Imagination, the company that designs the graphics processors used in smartphones and other electronic devices, saw its shares take a tumble on the London Stock Exchange, after it was announced that Apple, its largest customer, would stop using its graphics technology.

Shares in the company, which fell at one point by 70 percent, ended up 60 percent lower on the day.

According to Imagination, Apple’s notification has led the company to discuss alternative commercial arrangements for the current license and royalty agreement between the two.

While Imagination warned that Apple’s decision could ultimately result in the US tech giant infringing its intellectual property rights the move, if realised, would certainly be a big blow for the UK chip designer.

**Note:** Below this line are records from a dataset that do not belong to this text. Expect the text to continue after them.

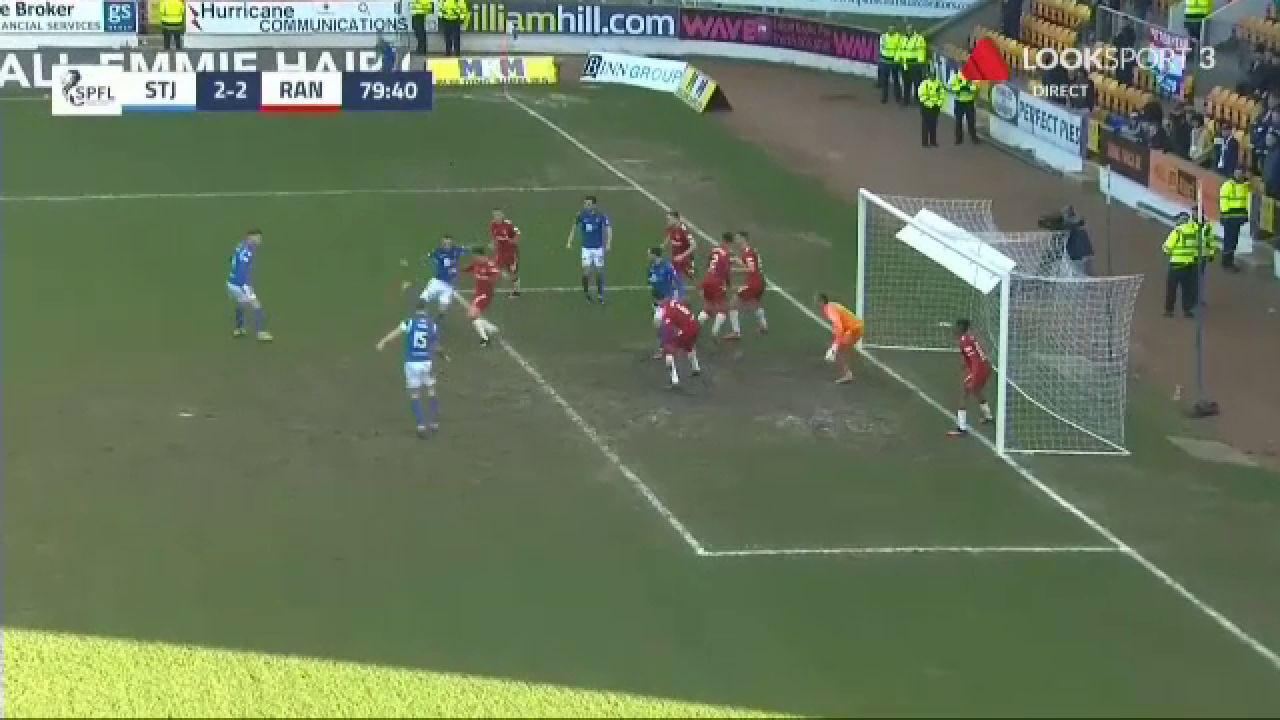 St. Johnstone - Rangers 2-2 | IANIS a dat un assist de geniu, insa nu a fost de ajuns ca echipa lui Steven Gerrard sa obtina cele 3 puncte_9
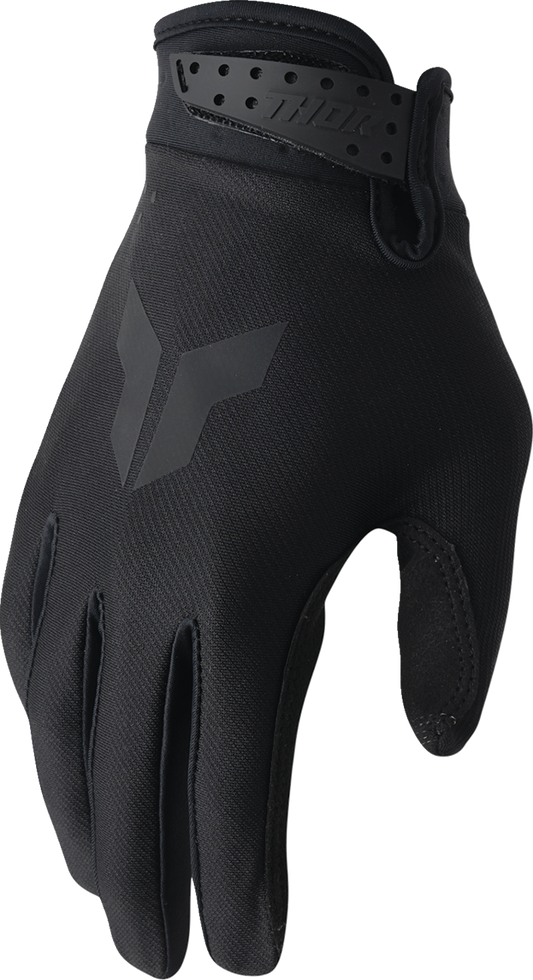 THOR, THOR Launchmode Gloves - Black - XL (Part #3330-8192)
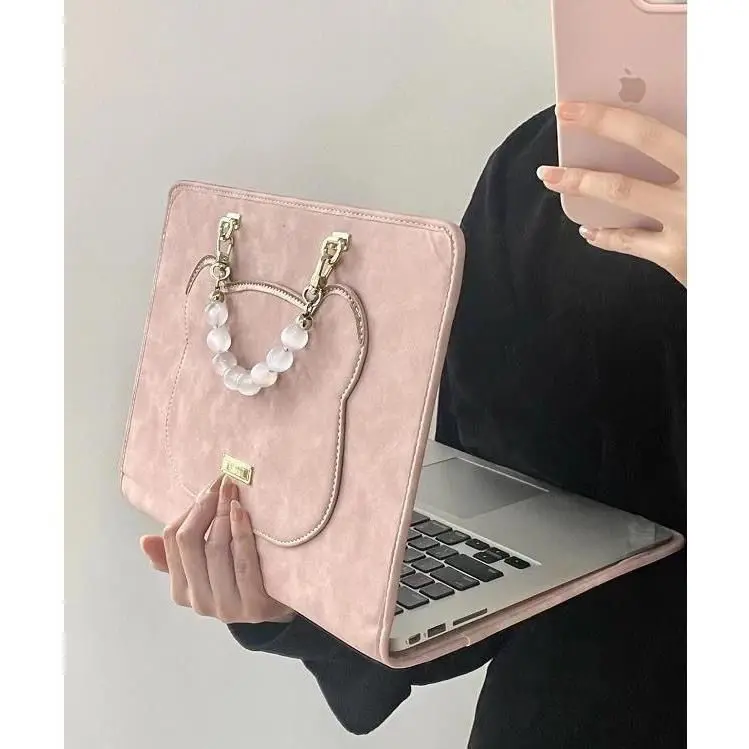 Vỏ máy tính xách tay, dành cho Huawei, Lenovo, ASUS, một hạt đậu, Dell, Apple, Túi đựng máy tính dễ thương, dành cho nữ, năm 2024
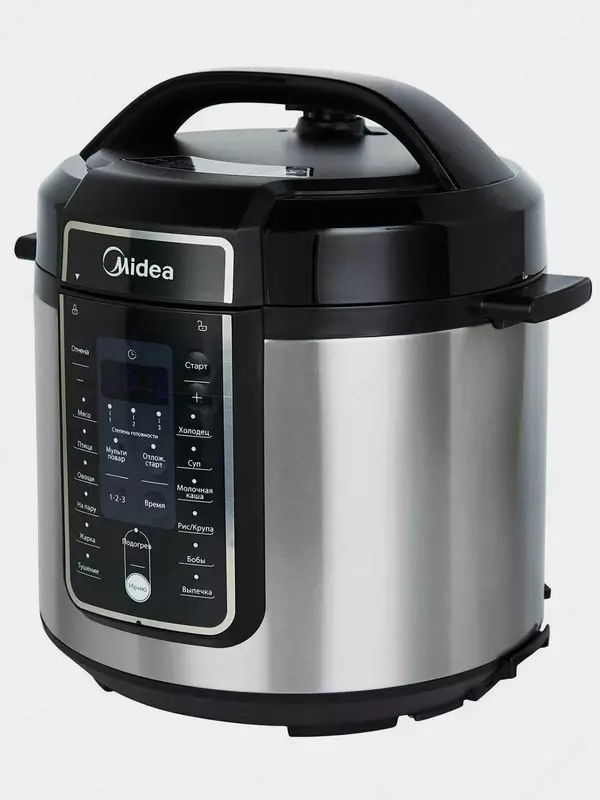 1 900 000 so'm Midea sekin pishirgich-bosimli pishirgich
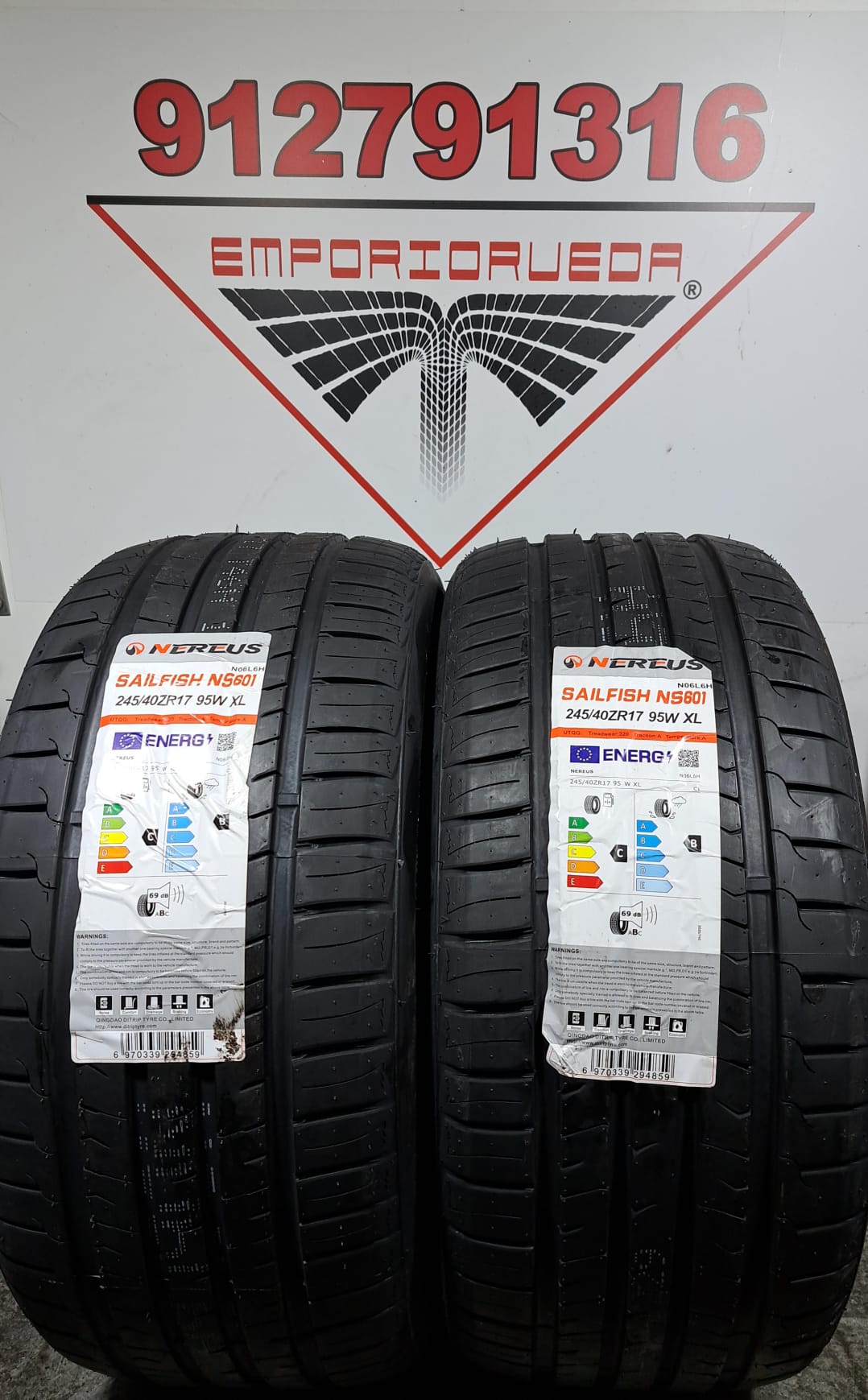 NEREUS  245/40 R17 95 W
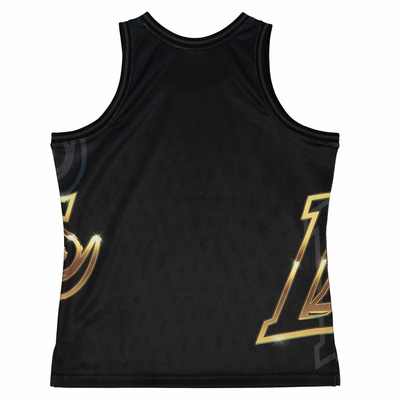 Mitchell & Ness tank top Los Angeles Lakers Big Face 4.0 Fashion Tank black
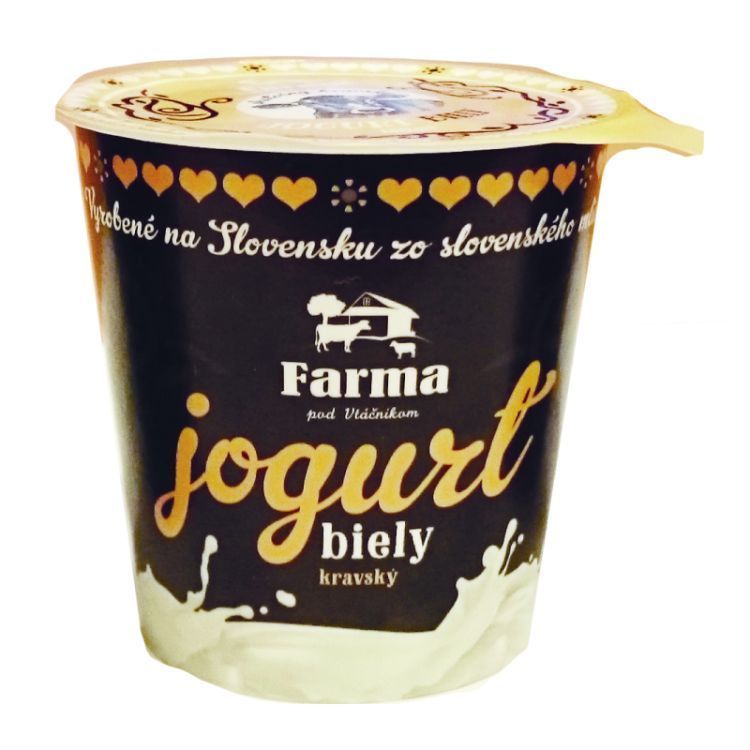 Kravský jogurt biely 150ml - eDELIA.sk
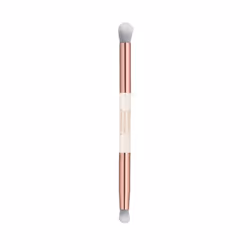 Essence 2in1 colour correcting & contouring brush, Pennello per contouring, Rotondo, Rame, Donna, 1 pz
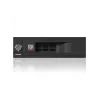 ICY BOX IB-168SK-B 13,3 cm (5,25 Zoll) Trägerplatte Schwarz
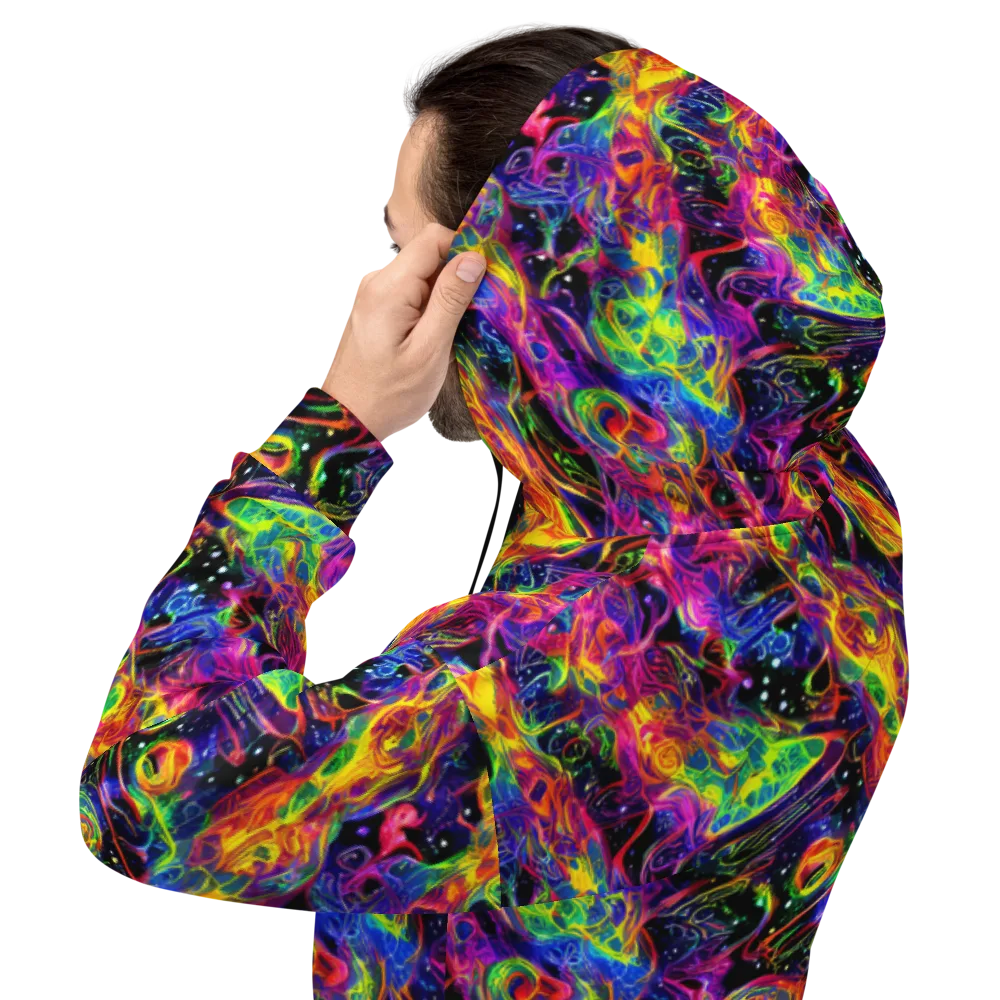 Hypercolor Dreamscape on Hoodie — Back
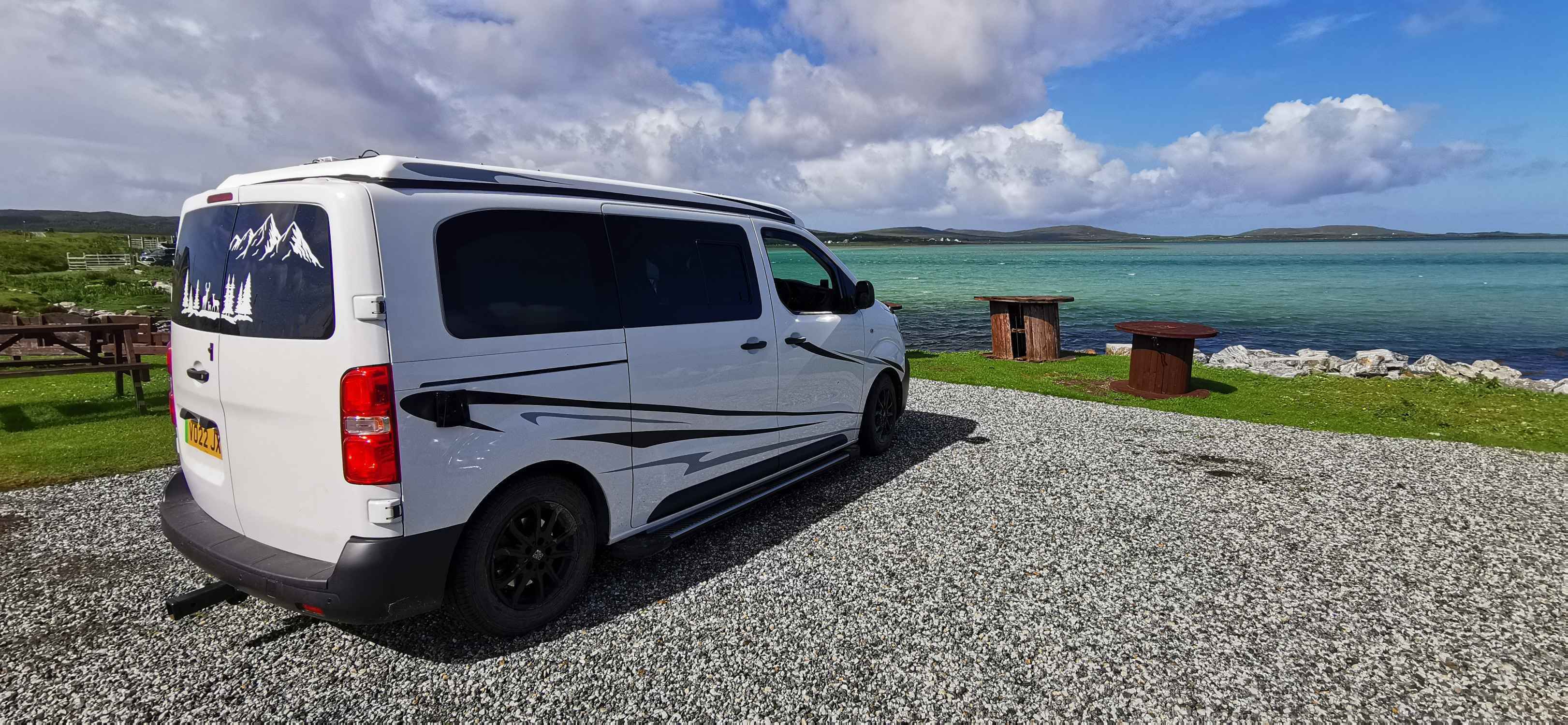 A Vauxhall Campervan called Charnwoody and for hire in Leicestershire, Leicestershire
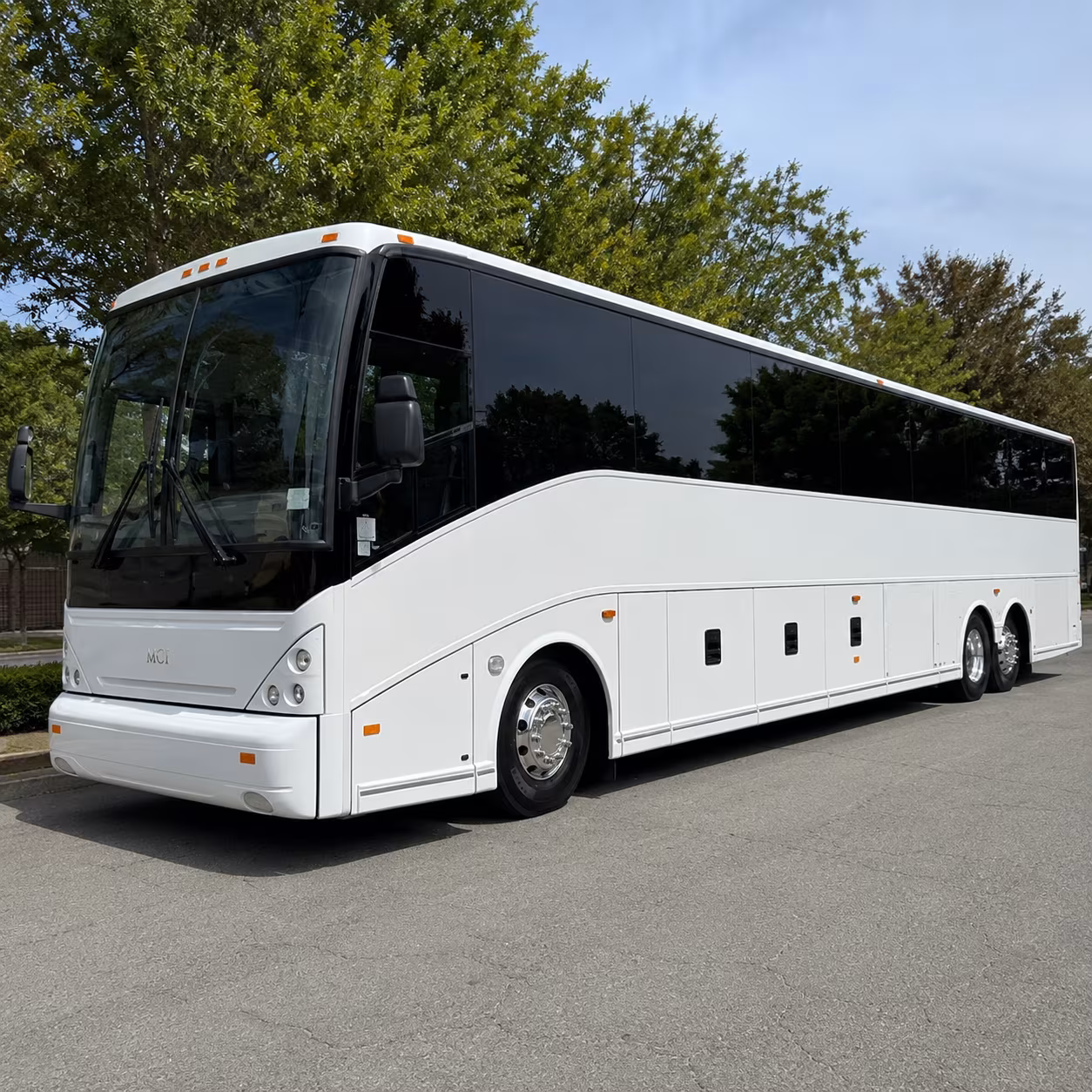 scottsdale charter bus rental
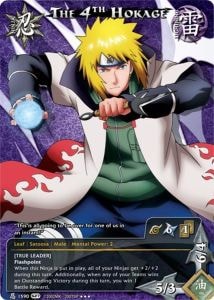 The 4th Hokage card artwork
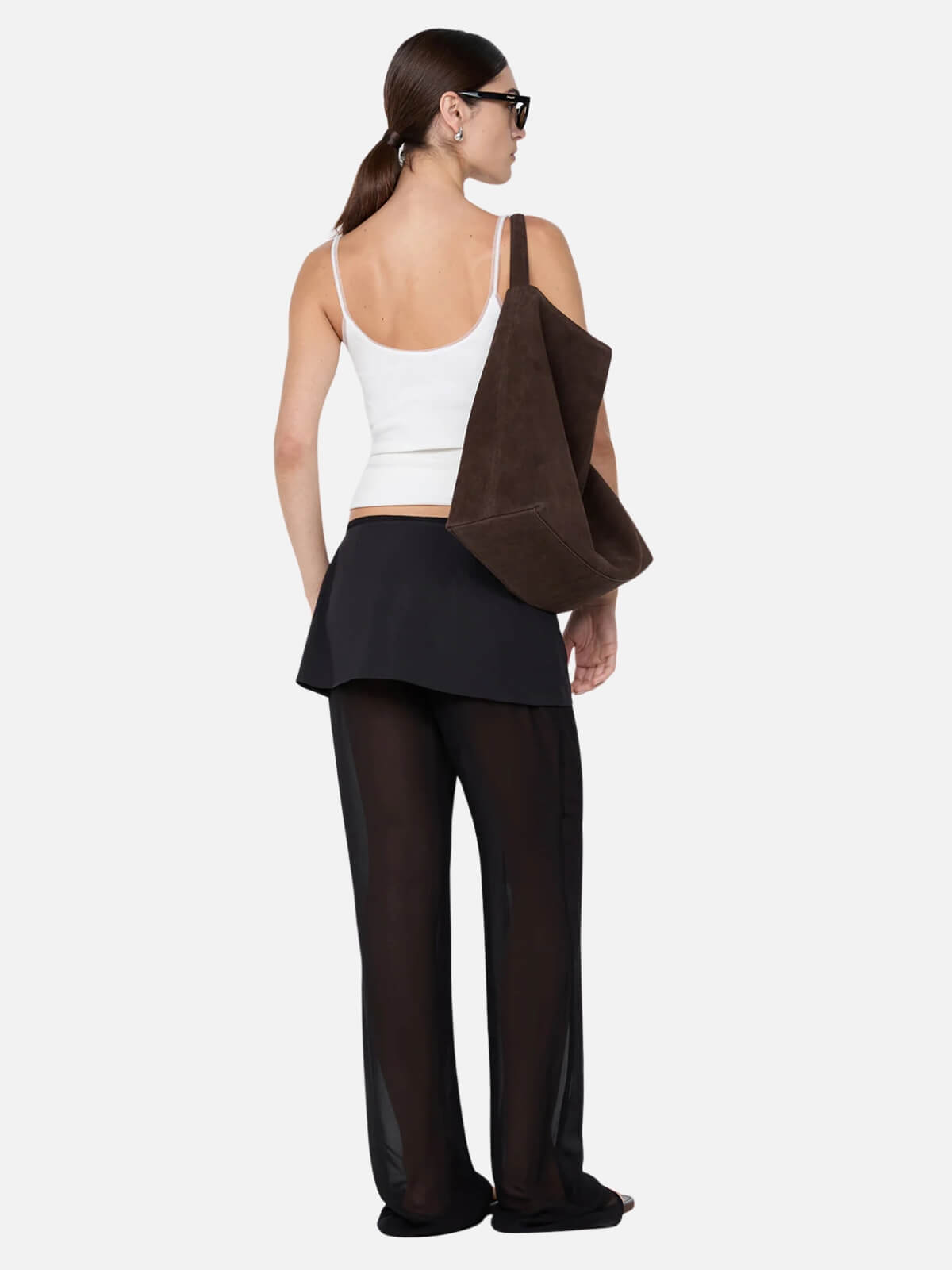 Bec + Bridge | Maralia Overlay Pant - Black | Perlu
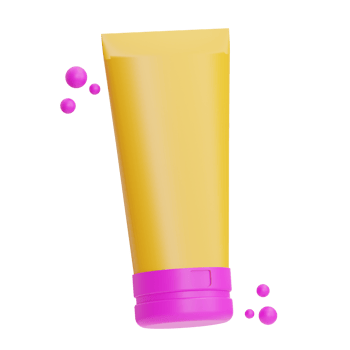 sunscreen illustration 3d png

Apple has used Imagination’s chip technology under a licensing agreement for many years and has even taken an 8 percent stake in the business.

Imagination’s technology has been used by Apple as the basis of Graphics Processor Units (GPU) in its phones, iPods, watches, TVs and tablets.

While Apple claims that it is working on its own GPU, Imagination contends that it will be difficult, without violating its patents and intellectual property, to deliver one.

Some believe that Apple's announcement is part of its strategy to take more control of its supply chain and Apple could be playing the role of 'bargaining bully' as it looks to drive down the costs of its royalty payments.

It’s been a tough few years for Imagination with cost cutting and job losses following financial losses, so the loss of £60m in licence fees will not be easy to absorb.

Apple came close to buying the firm a year ago, so could this be an attempt to buy Imagination on the cheap? No one knows what was discussed at the time of those discussions as Apple usually plays its cards very close to its chest, but could Imagination be a likely acquisition? It’s small and has a highly specialised expertise and now, thanks to Apple’s announcement, would be remarkably cheap to buy.

It could be a long shot but some analysts are all ready pricing in a possible acquisition.